= Exercise aim =
In your copy, set down the entries exactly and exclude the pictures.

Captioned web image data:
-------------------------

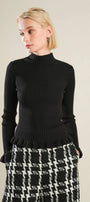 A ribbed sweater knit top - FSW1086 FLYING TOMATO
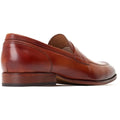 Base London Bruno Herren Mokassins Aus Gebranntem Tan-Leder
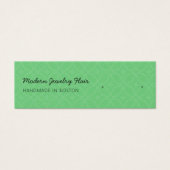 Modern Pattern Green Stud Earring Display Card (Vorderseite)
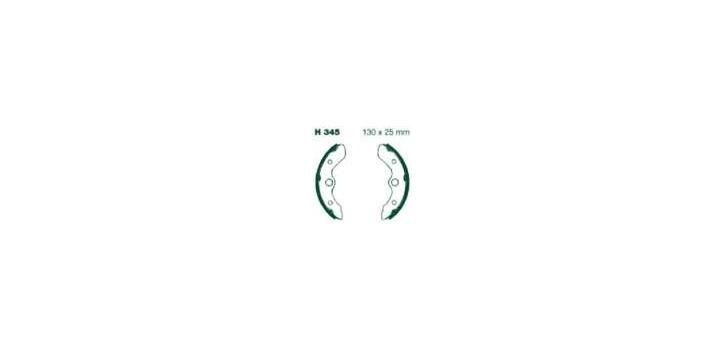 EBCEBC Bremsbacken H345 TRX200-250-300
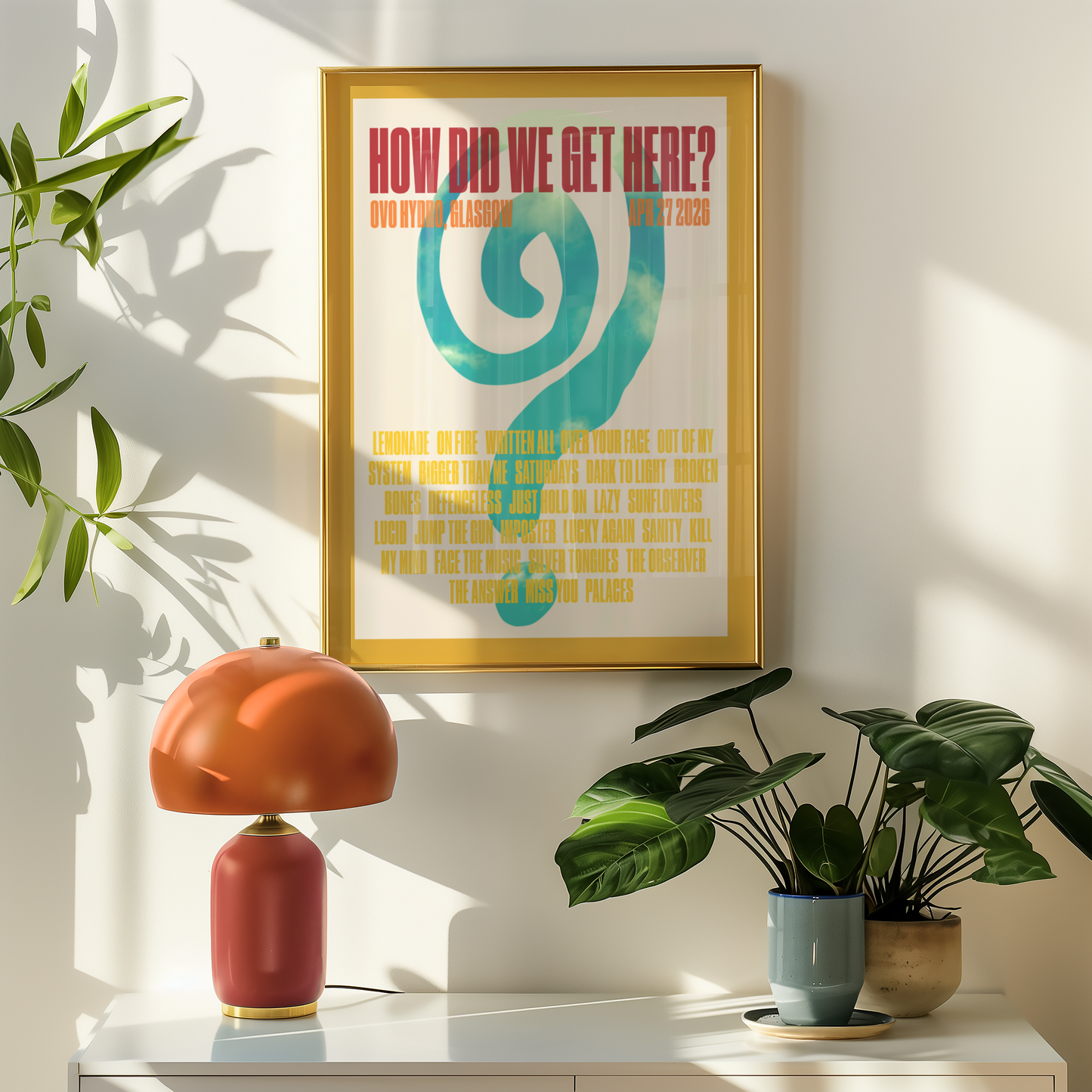 How Did We Get Here Glasgow Setlist Print | 5 sizes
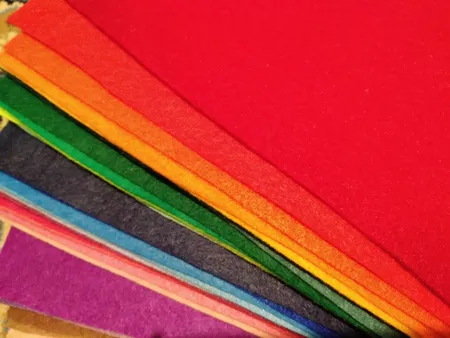 بسته ی 40 رنگ نمد ایرانی هنری ساز کد 1305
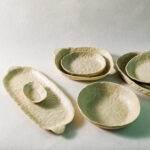 Tableware Set Vintage Dish Bowl Plate - Image 6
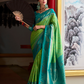 Pure Banarasi Soft Silk Saree with Traditional Weaving - LaVante Fashion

-------------------------

= Solution for this exercise =
 A ribbed sweater knit top - FSW1086 FLYING TOMATO
 Base London Bruno Herren Mokassins Aus Gebranntem Tan-Leder
 Modern Pattern Green Stud Earring Display Card (Vorderseite)
 EBCEBC Bremsbacken H345 TRX200-250-300
 How Did We Get Here Glasgow Setlist Print | 5 sizes
 بسته ی 40 رنگ نمد ایرانی هنری ساز کد 1305
 Tableware Set Vintage Dish Bowl Plate - Image 6
 Pure Banarasi Soft Silk Saree with Traditional Weaving - LaVante Fashion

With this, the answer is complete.